Tudo começou numa cidade do interior de Minas Gerais por volta dos anos
40. Cidade esta marcada pela religiosidade e impregnada de supertições
das mais variadas.
Numa família tradicional da cidade, havia uma menina, de mais ou menos
sete anos, que se sentia às vezes perdida em meio aos adultos. Por ser
filha única, passava grande parte de seus dias em companhia de adultos
e conseqüentemente sentia-se perdida entre os dois mundos, da infância
e dos adultos.
Na igreja principal da cidade, havia a imagem de um anjo, comum em várias
igrejas, naquela época. Esta imagem continha um dispositivo tal que, quando
se colocava a doação nas mãos da imagem, era acionada uma
alavanca que mexia com o pescoço do anjo e este fazia um movimento, como
que agradecendo ao doador.
Todos comentavam sobre a imagem do anjo da guarda que agradecia gentilmente aos
que ofertavam esmolas à paróquia.
Nossa personagem, menina faceira e muito esperta, vivia pedindo aos pais e avó
que a deixassem oferecer esmolas ao anjo, pois estava louca para vê-lo agradecer
a ela, pela ajuda prestada.
Naquela época, era costume tratar as crianças de maneira bem diferenciada
de hoje. Eram como seres à parte. Não participavam de conversas
de adultos, aliás, nem era permitida a permanência das mesmas em
locais onde estivessem ocorrendo qualquer atividade com os adultos. Sendo assim,
ninguém jamais levava a sério os pedidos insistentes da menina,
que não se conformava em não ser atendida em algo que, a seu ver,
nada demais tinha.
Assim, cansada de tanto falar sem ser levada a sério, passou a juntar a
duras penas todo trocadinho que lhe era destinado, para que pudesse enfim, realizar
seu sonho que era receber o agradecimento do anjo.

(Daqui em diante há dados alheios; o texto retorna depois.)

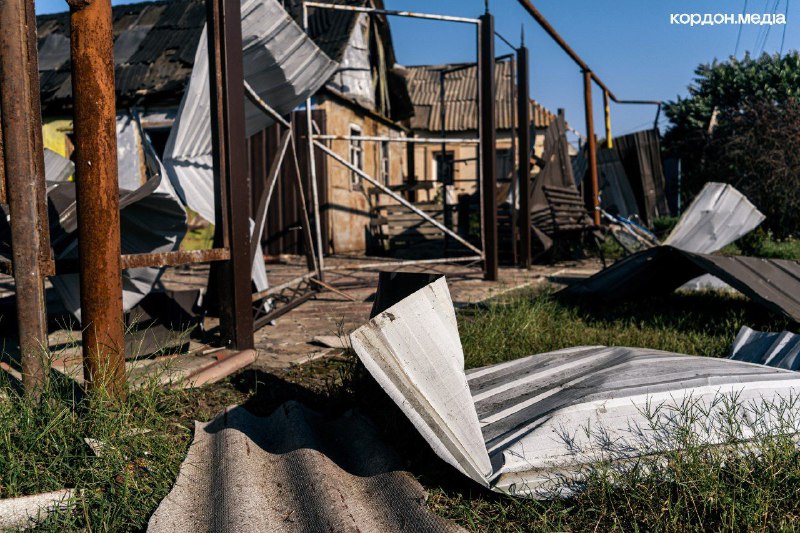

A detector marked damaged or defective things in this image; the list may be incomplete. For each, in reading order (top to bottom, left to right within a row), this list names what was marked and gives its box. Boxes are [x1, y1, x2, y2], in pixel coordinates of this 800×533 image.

rusty metal pole [0, 0, 49, 394]
rusted metal pipe [0, 0, 49, 394]
torn metal sheeting [0, 488, 75, 528]
rusty metal pole [68, 0, 126, 394]
rusted metal pipe [69, 0, 126, 394]
torn metal sheeting [48, 112, 188, 318]
crumpled metal sheet [49, 112, 188, 318]
damaged house [36, 0, 412, 256]
rusty metal pole [206, 0, 253, 350]
crumpled metal sheet [162, 0, 338, 290]
torn metal sheeting [162, 0, 338, 294]
crumpled metal sheet [148, 402, 462, 528]
torn metal sheeting [148, 402, 462, 528]
broken roof [406, 61, 556, 133]
rusty metal pole [478, 12, 496, 280]
rusted metal pipe [478, 12, 496, 280]
torn metal sheeting [352, 276, 800, 496]
crumpled metal sheet [352, 276, 800, 496]
rusty metal pole [580, 70, 600, 224]
rusted metal pipe [580, 70, 600, 224]
torn metal sheeting [564, 246, 800, 324]
torn metal sheeting [664, 182, 764, 255]
crumpled metal sheet [664, 182, 768, 255]
crumpled metal sheet [728, 324, 800, 370]
torn metal sheeting [732, 324, 800, 370]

Claro que para ela era como se o anjo tivesse vida própria, pois na cabeça
de uma criança, daquela época, nada mais fantástico que um
anjo vivo habitando a mesma cidade que ela...

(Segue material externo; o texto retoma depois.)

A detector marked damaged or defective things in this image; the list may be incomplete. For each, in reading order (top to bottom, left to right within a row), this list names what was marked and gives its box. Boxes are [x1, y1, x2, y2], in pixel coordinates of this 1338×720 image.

Após um tempo que para ela representou a eternidade, enfim julgou que suas
economias estavam dignas de serem ofertadas ao anjo.
Arrumou-se toda no domingo, e muito feliz dirigiu-se à missa com sua família,
desta vez sem resmungo algum, fato que chamou atenção dos pais,
mas tão habituados a não perder tempo com crianças, não
deram maior atenção ao fato.
Após o término da missa, enquanto todos se reunião na porta
da igreja para as fofocas habituais, toda faceira e radiante a menina dirigiu-se
ao anjo e colocou sua oferta mal se contendo de expectativa.
Qual não foi a decepção da menina, quando ao colocar sua
prenda o anjo sequer se moveu. Imóvel a menina parada na frente do anjo
estava estática. Olhos brilhando, arregalados com uma expressão
de surpresa, mal piscava. Por alguns minutos permaneceu parada, aguardando o tão
esperado agradecimento, sem acreditar no que via.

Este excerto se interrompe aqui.